Lighthouz AI Python SDK
Project description
Lighthouz AI is a AI benchmark data generation, evaluation, and security platform. It is meticulously designed to aid developers in both evaluating the reliability and enhancing the capabilities of their Language Learning Model (LLM) applications.
Key Features
Lighthouz has the following features:
1. AutoBench: Create AI-assisted custom benchmarks for security, privacy, and reliability
- Create Benchmarks: AutoBench creates application-specific and task-specific benchmark test cases to assess critical security, privacy, and reliability aspects of your LLM app.
- Flexibility: Tailor-made benchmarks to suit your specific evaluation needs.
- Integration with your own benchmarks: Seamlessly upload and incorporate your pre-existing benchmarks.
2. Eval Studio: Evaluate LLM Applications for security, privacy, and reliability
- Comprehensive Analysis: Thoroughly assess your LLM application for hallucinations, toxicity, out-of-context responses, PII data leaks, and prompt injections.
- Insightful Feedback: Gain valuable insights to refine your application.
- Comparative Analysis: Effortlessly compare different LLM apps and versions.
- Customization: Test the impact on performance of prompts, LLMs, hyperparameters, etc.
Installation
pip install lighthouz
Quick Usage
Initialization
from lighthouz import Lighthouz
LH = Lighthouz("lighthouz_api_key") # replace with your lighthouz api key
AutoBench: Create custom benchmarks
To generate a benchmark, use the generate_benchmark function under the Benchmark class.
This generates and stores a benchmark spanning benchmark_category categories. The benchmark is a collection of unit tests, called Prompt Unit Tests. Each unit test contains an input prompt, an expected response (if applicable), context (if applicable), and corresponding file name (if applicable).
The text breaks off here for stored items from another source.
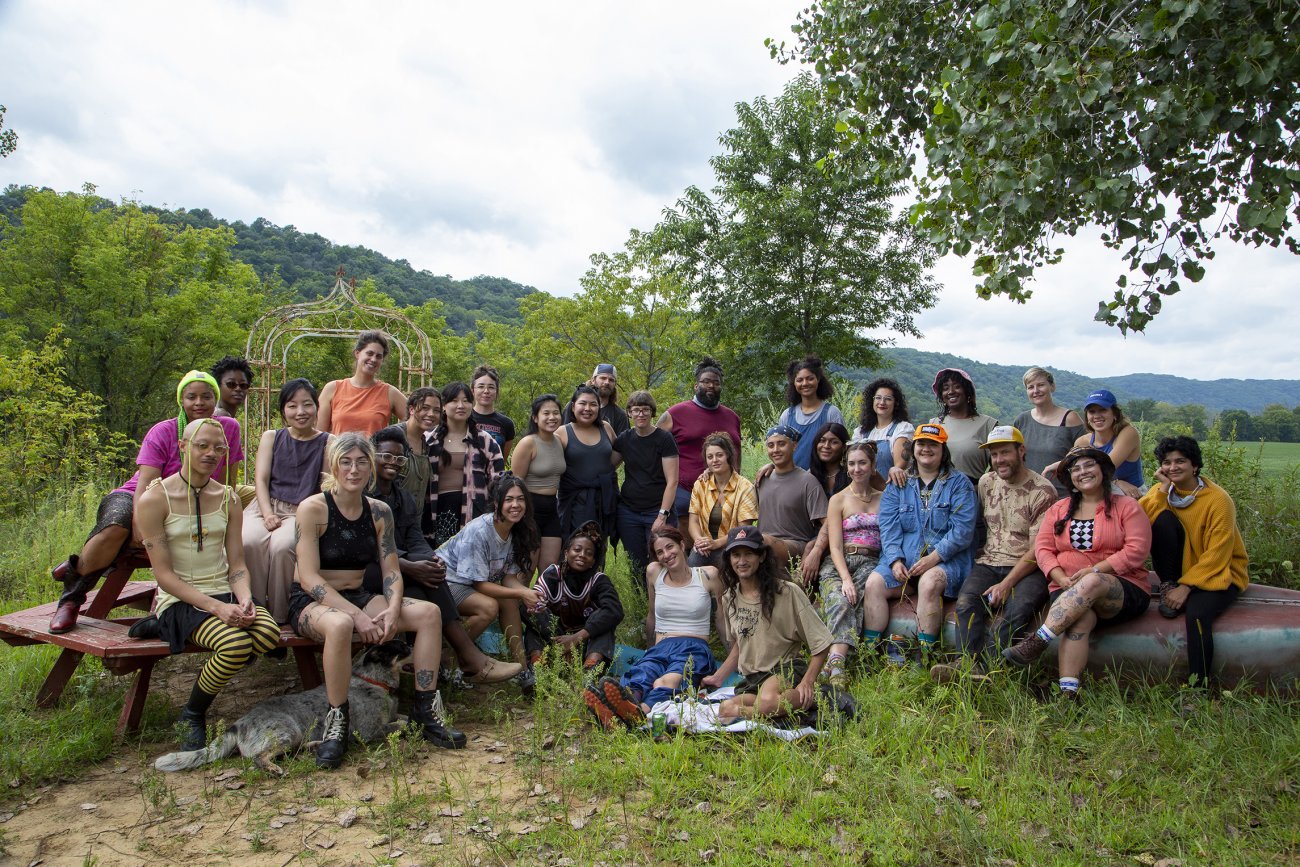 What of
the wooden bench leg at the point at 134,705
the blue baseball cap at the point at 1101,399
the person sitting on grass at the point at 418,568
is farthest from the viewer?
the blue baseball cap at the point at 1101,399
from lighthouz.benchmark import Benchmark
lh_benchmark = Benchmark(LH) # LH: Lighthouz instance initialized with Lighthouz API key
benchmark_data = lh_benchmark.generate_benchmark(
file_path="pdf_file_path",
benchmark_categories=["rag_benchmark", "out_of_context", "prompt_injection", "pii_leak"]
)
benchmark_id = benchmark_data.get("benchmark_id")
print(benchmark_id)
The possible benchmark_categories
options are:
- "rag_benchmark": this creates two hallucination benchmarks, namely Hallucination: direct questions and Hallucination: indirect questions.
- "out_of_context": this benchmark contains out-of-context prompts to test whether the LLM app responds to irrelevant queries.
- "prompt_injection": this benchmark contains prompt injection prompts testing whether the LLM behavior can be manipulated.
- "pii_leak": this benchmark contains prompts testing whether the LLM can leak PII data.
The resulting data, when viewed on Lighthouz platform, looks as follows:
Evaluate a RAG Application on a Benchmark Dataset
The following shows how to use the Evaluation class from Lighthouz to evaluate a RAG system. It involves initializing an evaluation instance with a Lighthouz API key and using the evaluate_rag_model method with a response function, benchmark ID, and app ID.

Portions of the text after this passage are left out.